Manomama turns viral anti-AfD mock-up into limited denim statement
A LinkedIn mock-up became Manomama’s FCKAFD jeans within hours, turning anti-AfD protest into a made-in-Germany denim product rooted in social business.

A pair of jeans bearing “FCKAFD” has moved from a LinkedIn mock-up to Manomama’s denim line, and the speed of that shift is the real story. What began as a digital provocation is now a purchasable, limited statement piece, marked on the brand’s own site with the phrase “Haltung zeigen,” a blunt call to show your stance.
Magnus Trinkwalder originally added the lettering to a pair of Manomama jeans online as a statement against right-wing extremism, social irresponsibility and weak corporate accountability.
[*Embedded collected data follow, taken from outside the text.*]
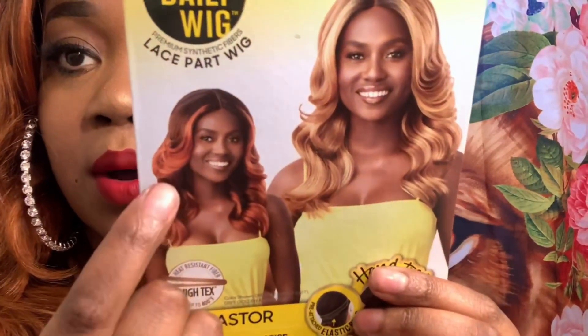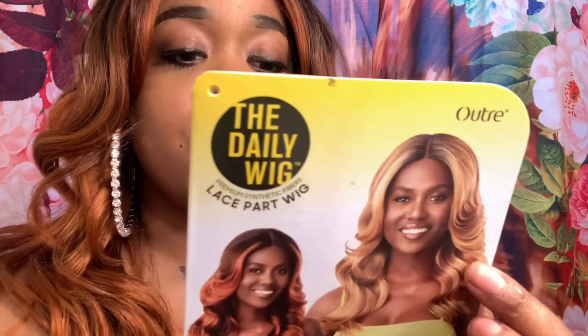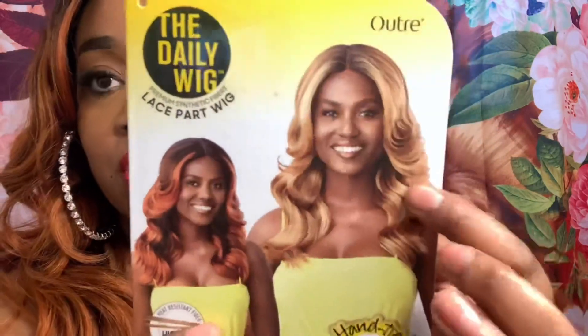So this one comes from Altra. It is part of the Daily Wig Collection. This is Astor in a color DRFF Cajun Spice. I do have the wig on the model, and that color is probably the DR4 Sandy Blonde or the DRFF Golden Amber. So if you like that color, make sure you pick it up.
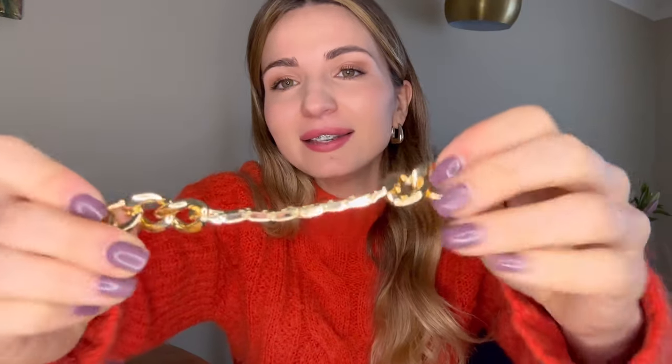It's quite challenging to open — I probably should get the scissors. I did it! I don't see any scratches, but I can see my fingerprints on it. The chain itself is very light, not heavy at all, so it should be very comfortable to wear the whole day long.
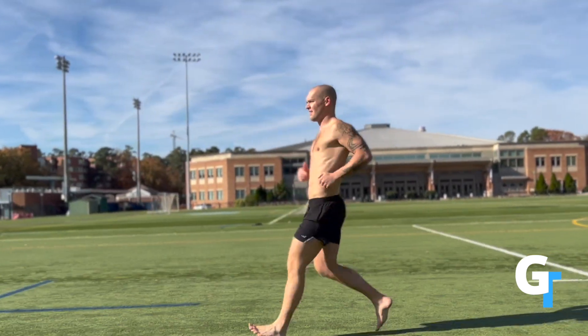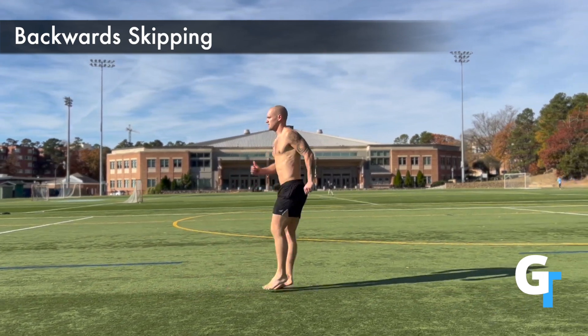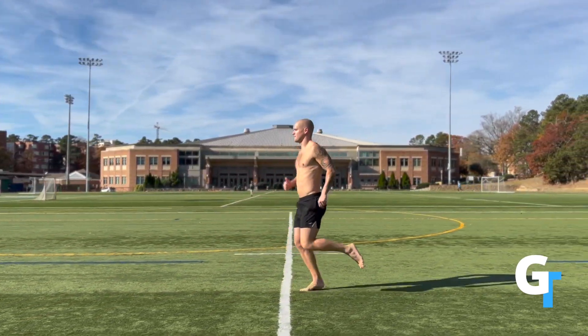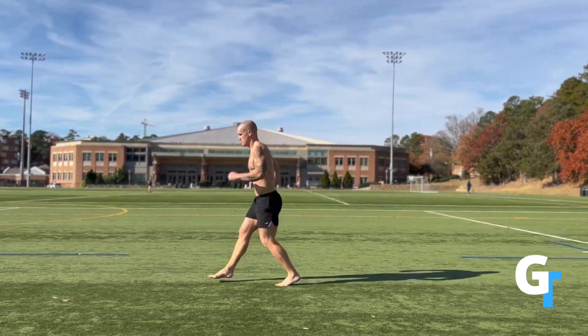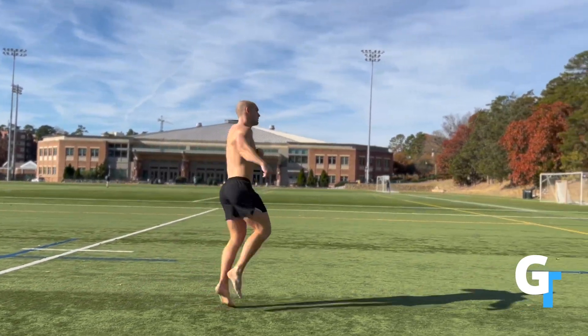This is not supposed to be anything challenging — you don't have to reach far on these. You're just trying to skip and restore that bounce and that youthfulness to your body. Then you need to do backwards. Now this is a little bit more of a coordination piece, but if you can't skip backwards, we've got to go back to some PE class in third grade. We need to work on this and restore this motion and coordination back to the body.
Then the messages started arriving. Trinkwalder was overwhelmed by readers asking whether the jeans were actually available, and the idea turned into production within hours. That rapid conversion from post to product matters because it shows a manufacturing model built to move quickly without abandoning its values.
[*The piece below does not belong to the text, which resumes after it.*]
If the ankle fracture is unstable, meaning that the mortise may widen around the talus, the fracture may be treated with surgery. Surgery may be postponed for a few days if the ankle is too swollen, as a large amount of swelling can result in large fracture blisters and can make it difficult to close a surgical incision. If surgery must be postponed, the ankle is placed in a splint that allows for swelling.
Manomama has spent years proving that point in Augsburg. Founded in 2010 by Sina Trinkwalder, the company has long described itself as a social business, employing people who often face barriers in the labor market, including women over 50, long-term unemployed people, single parents and migrants. Its emphasis on local production and fair pay gives the FCKAFD jeans a context that most slogan-driven garments never have. This is not a licensing stunt, nor a novelty tee dropped by a brand looking for a headline. It is denim produced by a company whose identity has always been tied to domestic manufacturing and social responsibility.

The political backdrop is unmistakable. In Germany’s federal election on February 23, 2025, the Alternative for Germany won 20.8 percent of the vote, becoming the country’s second-strongest party. In May 2025, the Federal Office for the Protection of the Constitution classified the AfD as a confirmed far-right extremist group before a German court later put that designation on hold pending review. Against that landscape, a pair of jeans becomes more than apparel. It becomes a medium for resistance.
That is also where the fashion argument gets sharper. Academic research published in 2025 has traced how far-right actors have used fashion to normalize ideology, which makes Manomama’s denim a counternarrative in the same language of clothes. Jeans have always carried workwear’s credibility, with their durability, utility and democratic shape. What Manomama is testing is whether activist apparel can earn the same legitimacy when it is backed by transparent production, domestic labor and a values-led business model. In this case, the answer is not in the slogan alone. It is in the speed, the structure and the factory behind it.